Instructions to follow: Make an exact copy of the listing underneath, skipping each picture.

Data:
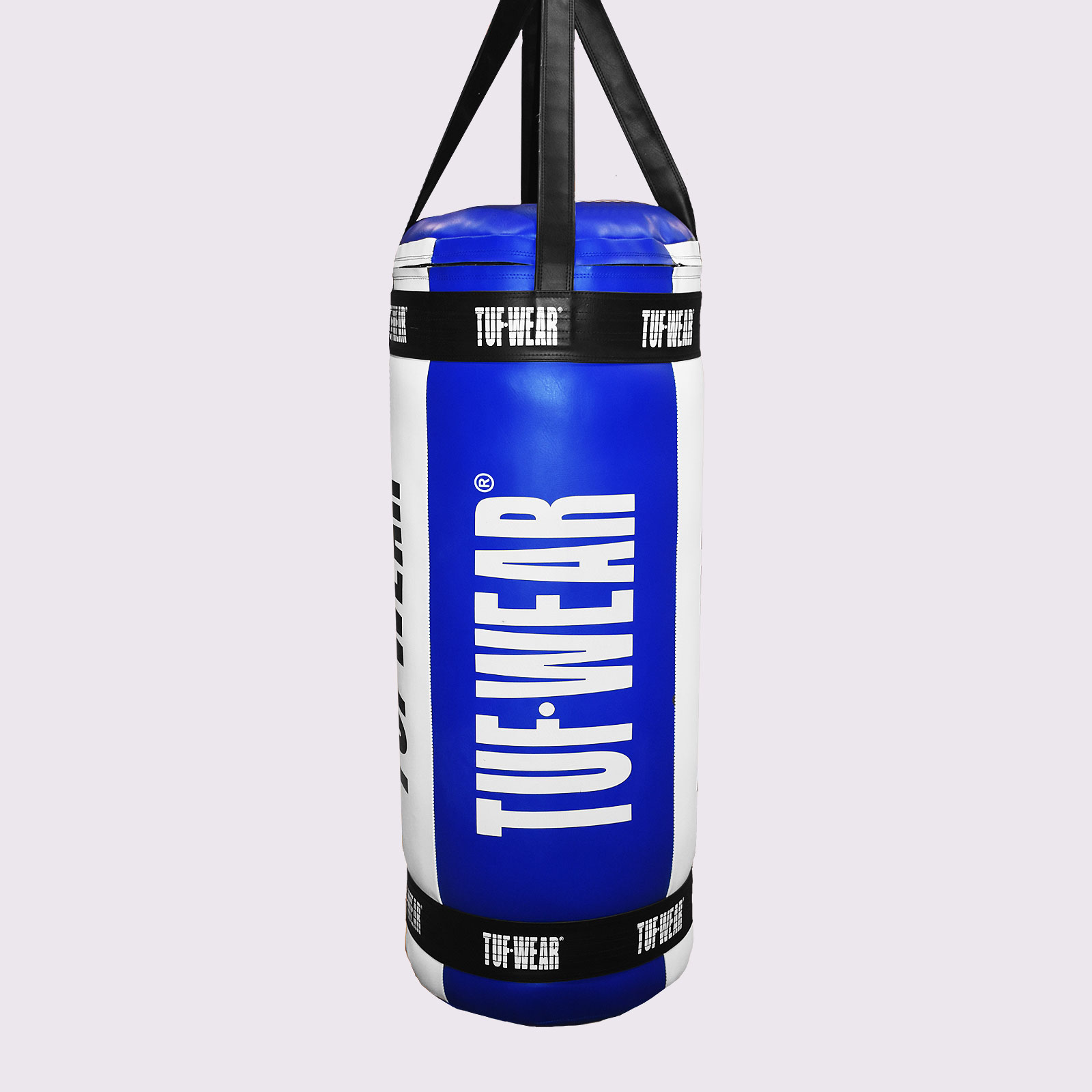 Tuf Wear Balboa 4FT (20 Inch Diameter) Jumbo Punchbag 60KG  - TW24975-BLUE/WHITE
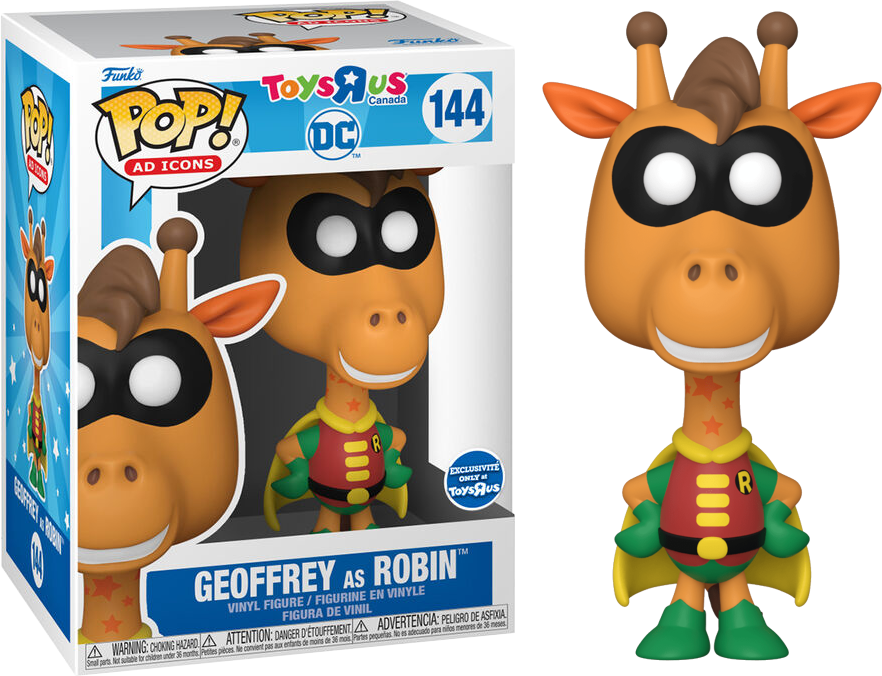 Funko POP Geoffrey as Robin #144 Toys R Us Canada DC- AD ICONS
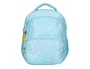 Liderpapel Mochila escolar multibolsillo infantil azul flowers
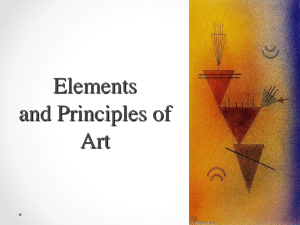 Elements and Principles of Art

Output:
 Tuf Wear Balboa 4FT (20 Inch Diameter) Jumbo Punchbag 60KG  - TW24975-BLUE/WHITE
 Funko POP Geoffrey as Robin #144 Toys R Us Canada DC- AD ICONS
 Liderpapel Mochila escolar multibolsillo infantil azul flowers
 Elements and Principles of Art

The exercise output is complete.